Das Denken der Anderen

Die Nuklearkatastrophe in Japan hat die Atomlobby in Deutschland in Bedrängnis gebracht. Andernorts ticken die Uhren anders.

Über Deutschland rollt dieser Tage ein Bilder- und Nachrichten-Tsunami hinweg, der die Nation in einen Schockzustand versetzt. Die Erdbeben- und Atom-Katastrophe in Japan ereignet sich – gefühlt – nicht am anderen Ende der Welt, sondern in unseren Wohnzimmern. Das hat eine erfreuliche und eine bedenkliche Konsequenz.
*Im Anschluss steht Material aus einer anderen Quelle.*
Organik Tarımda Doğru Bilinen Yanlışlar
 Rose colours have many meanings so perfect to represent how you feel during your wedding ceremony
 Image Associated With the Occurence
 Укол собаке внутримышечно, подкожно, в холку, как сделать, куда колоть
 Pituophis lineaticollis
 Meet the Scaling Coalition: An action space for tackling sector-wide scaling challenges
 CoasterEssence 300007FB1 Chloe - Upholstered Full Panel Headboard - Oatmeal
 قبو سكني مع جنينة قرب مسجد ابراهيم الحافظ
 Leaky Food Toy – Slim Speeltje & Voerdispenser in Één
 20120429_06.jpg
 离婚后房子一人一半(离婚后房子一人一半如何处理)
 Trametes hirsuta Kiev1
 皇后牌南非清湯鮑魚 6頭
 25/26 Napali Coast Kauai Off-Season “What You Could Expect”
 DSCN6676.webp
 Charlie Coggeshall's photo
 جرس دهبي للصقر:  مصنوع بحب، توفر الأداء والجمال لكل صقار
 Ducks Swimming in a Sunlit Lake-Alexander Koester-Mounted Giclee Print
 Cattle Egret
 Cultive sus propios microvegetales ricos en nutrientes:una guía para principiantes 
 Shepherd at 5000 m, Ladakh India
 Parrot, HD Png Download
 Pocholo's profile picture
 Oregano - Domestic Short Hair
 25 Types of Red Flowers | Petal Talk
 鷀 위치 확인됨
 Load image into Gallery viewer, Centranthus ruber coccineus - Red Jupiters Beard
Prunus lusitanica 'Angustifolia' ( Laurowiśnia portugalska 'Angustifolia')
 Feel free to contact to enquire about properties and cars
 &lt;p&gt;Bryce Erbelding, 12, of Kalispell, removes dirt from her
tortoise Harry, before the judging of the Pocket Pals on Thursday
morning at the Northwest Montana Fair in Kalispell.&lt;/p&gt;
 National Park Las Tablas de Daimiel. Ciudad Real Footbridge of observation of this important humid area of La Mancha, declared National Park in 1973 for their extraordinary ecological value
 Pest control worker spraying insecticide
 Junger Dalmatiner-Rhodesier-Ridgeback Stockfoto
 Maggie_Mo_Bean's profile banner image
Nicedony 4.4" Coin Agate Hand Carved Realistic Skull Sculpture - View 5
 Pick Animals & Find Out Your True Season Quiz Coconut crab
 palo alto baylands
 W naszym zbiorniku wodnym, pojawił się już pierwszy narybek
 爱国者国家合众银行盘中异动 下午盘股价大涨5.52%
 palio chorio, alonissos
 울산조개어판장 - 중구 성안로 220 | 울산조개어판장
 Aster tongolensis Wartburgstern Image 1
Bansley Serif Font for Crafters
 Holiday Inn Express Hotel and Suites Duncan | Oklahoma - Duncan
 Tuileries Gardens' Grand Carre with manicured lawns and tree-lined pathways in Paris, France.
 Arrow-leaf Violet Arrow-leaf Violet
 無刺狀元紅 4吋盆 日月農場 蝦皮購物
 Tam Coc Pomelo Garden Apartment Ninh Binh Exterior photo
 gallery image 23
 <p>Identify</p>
Zunächst die gute Nachricht: Niemand kommt hierzulande mehr an der Erkenntnis vorbei, dass die Nutzung der Atomenergie eine Hochrisikotechnologie ist. Kanzlerin Merkel wird es nicht dabei belassen können, die Laufzeitverlängerung auszusetzen, will sie nicht dauerhaft alle Wahlchancen der Koalitionsparteien verspielen.

Doch der Schock in Deutschland macht auch blind für die Wirklichkeit. Die Wahrnehmung und die Erkenntnislage in vielen Regionen der Welt ist eine gänzlich andere als in der Bundesrepublik. Das beginnt bei den direkten Nachbarn. In Frankreich  muss wahrscheinlich erst ein eigener Reaktor hochgehen, bevor in der AKW-begeisterten Nation Zweifel an der Kernenergienutzung aufkommen. Und in Polen stellt dieser Tage kaum jemand die Pläne der Regierung in Frage, ein erstes eigenes Atomkraftwerk zu bauen.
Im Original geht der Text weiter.